Understandably, most NFL players and coaches would not generally be in favor of this -- starting with the head coach of the team involved, and the player in question.
"No, I think that's a terrible thing to do," Carroll said Wednesday. "I think it puts too much pressure on the officials to change the game like that. I don't think that's the time -- the actions that the league took in this case were warranted -- exactly. But I think that would be a terrible thing for an official ... to put it on a back judge to decide whether to take a touchdown away in a game. It should not be a part of what an official has to call. Throw the flag, do the normal thing, and then take care of business afterward.
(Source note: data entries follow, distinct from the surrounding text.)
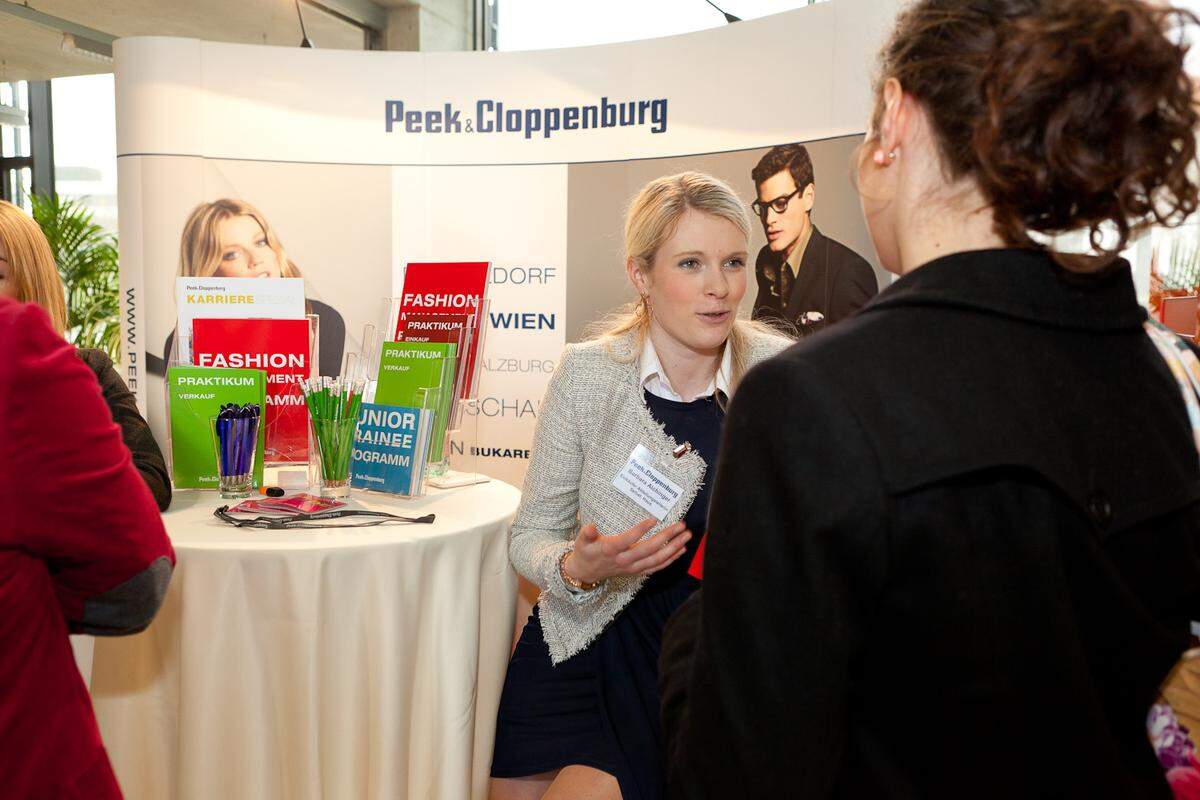 Barbara Aichberger, Peek &amp; Cloppenburg, im Gespräch mit einer Studentin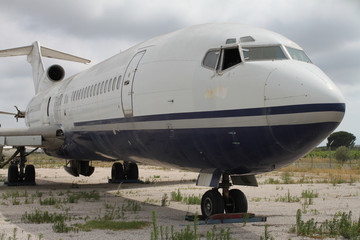 Fototapeta na wymiar Boeing 727 hors service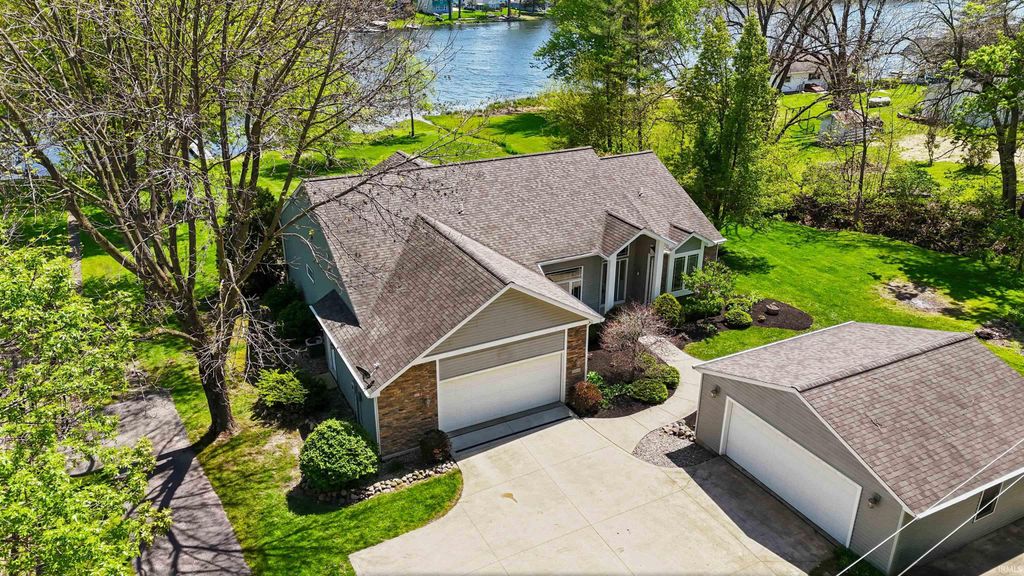 Photo of 8050 N Brown Road, Columbia City, IN 46725 (MLS # 202617372)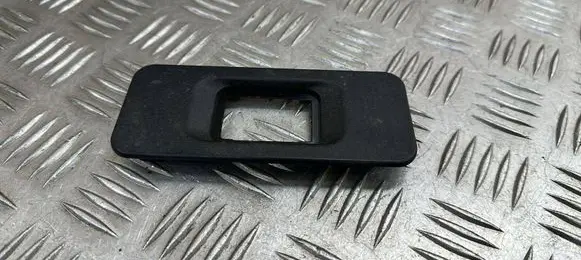Jaguar XE Tailgate opening switch GX73432B10AB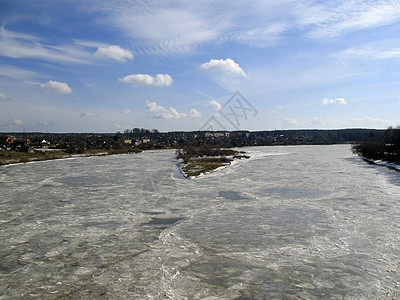 冷冻的道格瓦河图片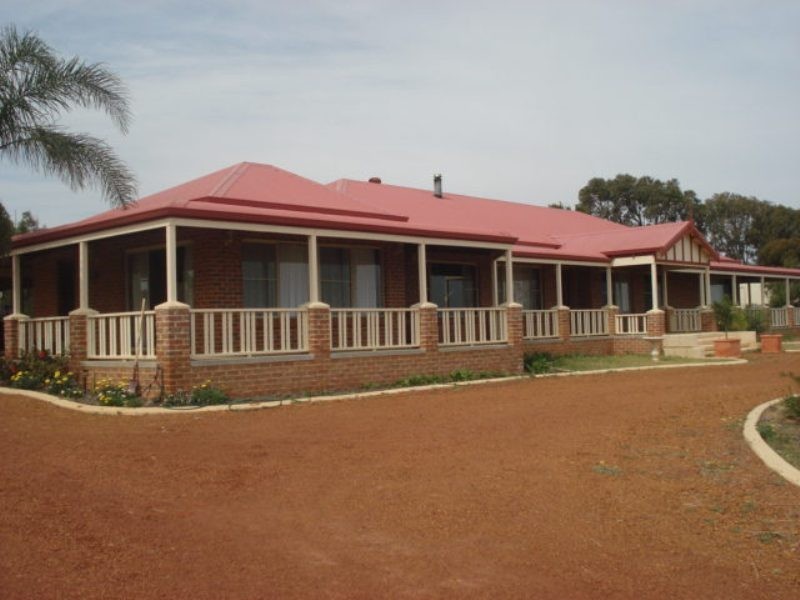 216 Cooper Street, Waggrakine WA 6530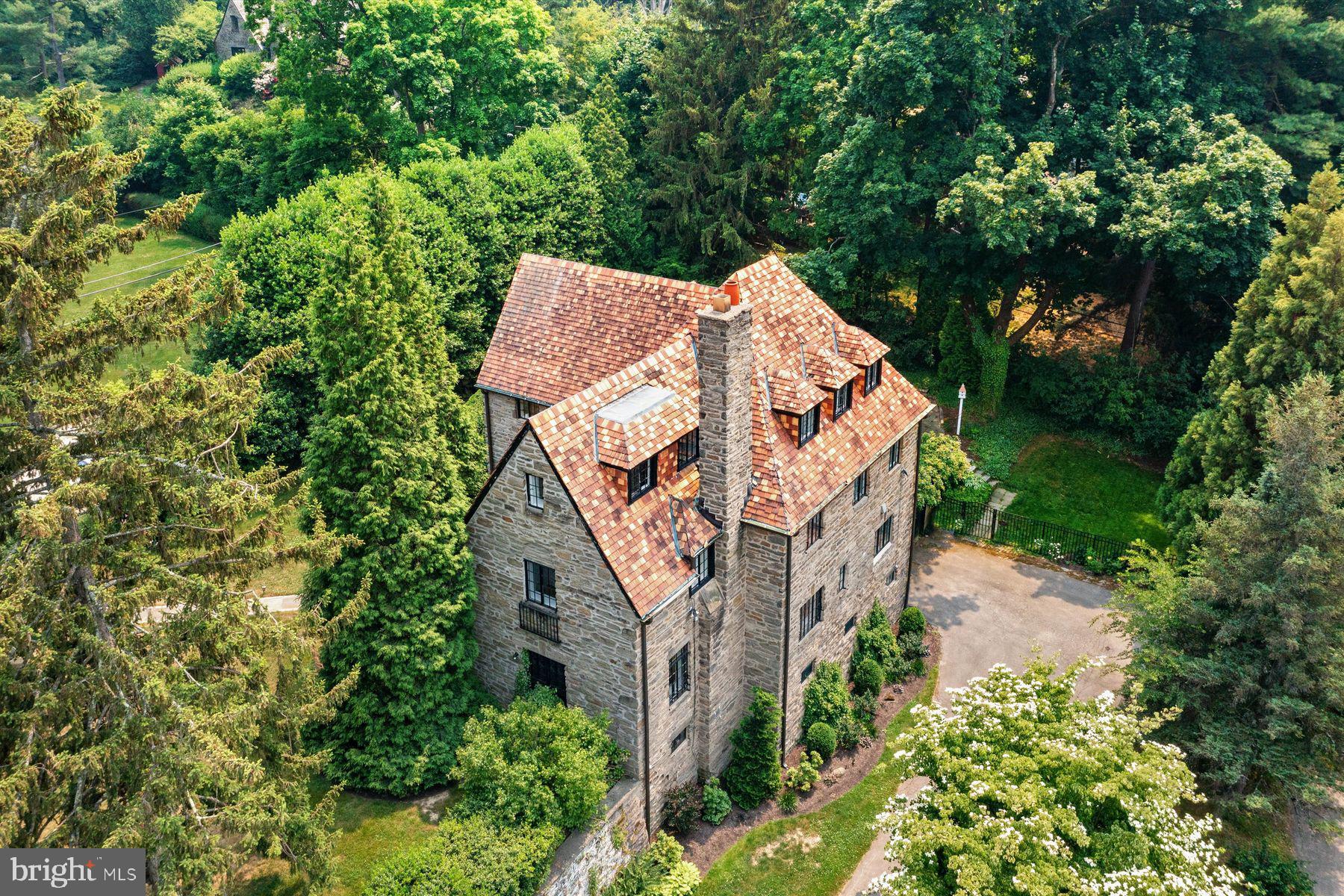 CHESTNUT HILL - Residential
"Taking a look at that situation, and just to say it again -- that's not the way we want to present who we are and what we're all about. It was a mistake that Golden has totally taken accountability for. We wish it wouldn't have happened for a lot of reasons, and the statement he made and we make about it is clear. There's no place for that in football. We don't need that at all. He gets the regular scrutiny he should get, and he'll take it."
As for Tate, he was just ready to move along.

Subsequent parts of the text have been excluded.